New report says Venezuela's twin earthquakes put $6.7 billion in damage on the map

Almost none of it is insured

New report says Venezuela's twin earthquakes put $6.7 billion in damage on the map

Catastrophe & Flood

By Matthew Sellers

Two earthquakes hit northern Venezuela on Wednesday evening within 39 seconds of each other - a 7.2 magnitude foreshock at 6:04pm local time, then a 7.5 magnitude mainshock. At least 920 people are now confirmed dead and 3,360 injured, National Assembly President Jorge Rodríguez said in a Friday briefing. Both figures are expected to climb. Buildings collapsed across Caracas, La Guaira and Carabobo. Simón Bolívar International Airport was damaged and shut. The USGS puts a 44% probability on the final death toll exceeding 10,000.

For the insurance industry, a different number is the operative one: $6.7 billion in estimated direct economic damage, and almost none of it covered.

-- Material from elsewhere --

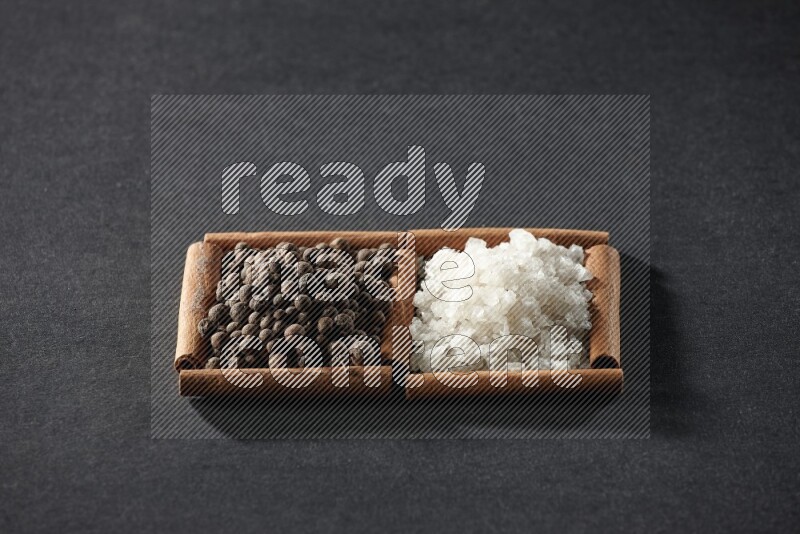 2 squares of cinnamon sticks full of white salt and allspice on black flooring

What the damage looks like

A UNDP rapid assessment that has just been published puts direct economic damage at $6.7 billion, roughly 6% of GDP across the affected states. The uncertainty band is wide - losses could run anywhere from $4.7 billion to $8.7 billion - but the central figure alone would rank this among the costliest disasters in Venezuelan history. The UNDP's CLIMADA model found 8.6 million people and 1.7 million buildings in the path of moderate to severe shaking. Distrito Capital, Miranda, Carabobo, La Guaira and Aragua absorbed the largest absolute losses. Yaracuy recorded the highest damage relative to its asset base, pointing to a recovery burden there that outweighs its fiscal capacity.

Satellite night-light data detected power failures in La Guaira, Carabobo and Yaracuy by Thursday night, affecting an estimated 237,000 people in La Guaira alone and 129,000 in Carabobo.

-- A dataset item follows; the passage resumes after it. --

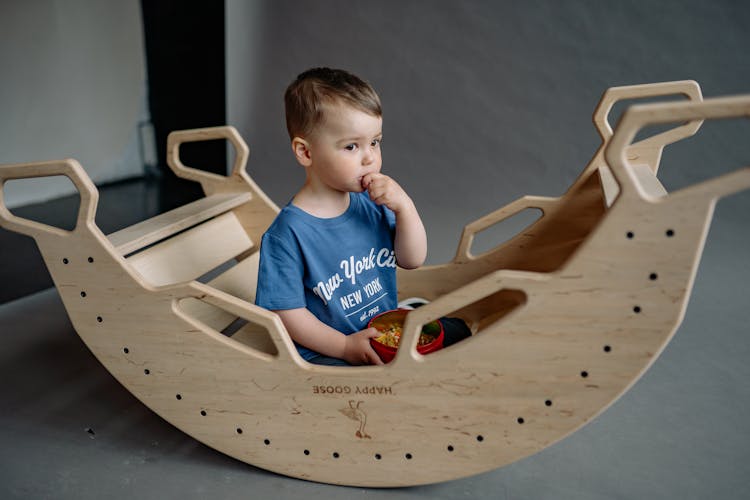 Boy Sitting On A Wooden Seesaw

The UNDP noted that its figures cover only direct physical damage. Total economic impact, including indirect losses and reconstruction costs, typically runs 1.5 to 3 times the direct damage figure - putting the full toll potentially between $10 billion and $20 billion.

The protection gap

Reinsurance broker Guy Carpenter said the protection gap for this event will be "quite large", citing Venezuela's "quite low" insurance penetration and "severely weakened economy." "Initial reports indicate that residential lines will be more heavily impacted than commercial lines," it added in a North America Peril Advisory on Thursday.

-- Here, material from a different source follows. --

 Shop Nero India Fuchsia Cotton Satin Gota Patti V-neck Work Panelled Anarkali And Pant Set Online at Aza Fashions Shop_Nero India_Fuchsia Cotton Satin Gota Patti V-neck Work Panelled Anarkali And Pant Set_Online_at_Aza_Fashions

Venezuela's insurance sector was already under pressure before Wednesday's earthquakes, with international carriers having reduced their exposure over the past decade as the economy contracted. Latin America and emerging EMEA maintain natural catastrophe resilience scores of around 8% to 9% according to Swiss Re's latest sigma report, meaning nearly all newly accumulated exposure in those regions is uninsured. Venezuela's effective insurance penetration rate for residential property sits well below even that low regional average.

Who carries the exposure

No major international insurer or reinsurer has disclosed specific Venezuela earthquake exposure as of Friday. The commercial lines question is the more relevant one for international carriers. Large industrial and energy assets in the affected region - Venezuela holds significant oil infrastructure across the shaking zone - may carry international coverage. The residential and public infrastructure losses that will dominate the final bill almost certainly do not.

The global natural catastrophe protection gap reached $424 billion in 2025, according to Swiss Re, with emerging markets showing the widest divergence between economic and insured losses. Wednesday's event is a precise illustration of how that gap works in practice: a country with documented seismic exposure, a capital of three million people, sitting on the boundary of the Caribbean and South American tectonic plates, absorbed a magnitude 7.5 earthquake with almost no financial risk transfer in place.

UN aid chief Tom Fletcher said "a massive collective effort" would be needed in a country where 8 million people already required humanitarian assistance before the earthquakes hit. With minimal insurance to fund private recovery, reconstruction falls on a state with limited fiscal capacity and a population already in one of the hemisphere's deepest humanitarian crises.

The UNDP assessment covers only ground-shaking damage. It excludes roads, pipelines, agriculture and the service disruption costs that compound the direct loss over time. The final bill will be larger. The insured portion will remain small.